Drug resistance occurs when a pathogen—whether bacteria, virus, or fungus—evolves to withstand the drug that is given for treatment. Drug resistance is a top health concern identified by the World Health Organization because of its potential to render existing medicines ineffective and turn currently treatable infections deadly. Typhoid, caused by Salmonella Typhi bacteria, is treatable with antibiotics. However, drug-resistant typhoid is spreading globally. Salmonella Typhi rapidly develops resistance whenever a new antibiotic is introduced for treatment. This makes it important to study and track drug resistance as it emerges. This knowledge can help protect the effectiveness of available antibiotic treatments, which means that we know where certain drug-resistant strains are a problem. By doing this, we can more appropriately treat the people who get sick with typhoid. We conducted a study in Mumbai, India, to identify current drug-resistant typhoid patterns.
An urgent threat
India is a typhoid endemic country with an estimated 4.8 million cases per year. As quinolone-resistant typhoid strains have spread in India, the current treatment options are third generation cephalosporins such as ceftriaxone, or azithromycin. There is concern, however, that reliance on third generation cephalosporins may trigger the emergence of further resistance, as has been seen in extensively drug-resistant (XDR) typhoid in Pakistan.
XDR typhoid strains do not respond to five classes of antibiotics, leaving only one oral antibiotic option, azithromycin, or more costly intravenous antibiotics available for treatment. These intravenous antibiotics may not be available in typhoid-endemic countries. Additionally, a recent study in Chandigarh, India, found azithromycin-resistant typhoid, highlighting the urgent need for preventative measures.
To better understand the drug-resistance profile of currently circulating typhoid strains, we conducted antimicrobial susceptibility testing of 92 isolates collected from typhoid patients in Mumbai between January 2017 and December 2018. This test determines which antibiotics are still effective against the different isolates. Ninety percent of the isolates collected were resistant to ciprofloxacin. Thirteen percent were resistant to ceftriaxone. These patients required treatment with azithromycin to recover. A higher proportion of patients with ceftriaxone-resistant typhoid required inpatient care.
We also conducted genetic analysis of these typhoid strains to identify the genes behind the antibiotic resistance. This information helps us to track the evolution and spread of bacteria in the community. The extended temporal and geographical distribution of the isolates in our study suggests broad environmental transmission.

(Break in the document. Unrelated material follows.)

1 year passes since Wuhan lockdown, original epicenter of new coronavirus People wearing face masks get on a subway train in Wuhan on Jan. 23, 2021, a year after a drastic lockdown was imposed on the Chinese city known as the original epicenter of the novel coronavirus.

TCVs can help stop drug-resistant typhoid
Our study findings suggest an emerging high-risk lineage of S. Typhi that is resistant to third generation cephalosporins and fluoroquinolones circulating in Mumbai. It will be important to conduct active surveillance and implement effective prevention measures to prevent outbreaks and the spread of these strains. Typhoid conjugate vaccines (TCVs) are one of the effective ways to prevent typhoid. An effectiveness study from Pakistan found TCV was 97% effective against XDR typhoid strains. India has not yet introduced TCVs into their national immunization program, but they are available in the private market and in the public-sector in Navi Mumbai Municipal Corporation. The long-term typhoid prevention solutions are water, sanitation, and hygiene interventions, but these are costly and take time to implement. Vaccines can provide strong protection in the short-term, preventing illness and slowing the emergence of drug-resistant typhoid strains now.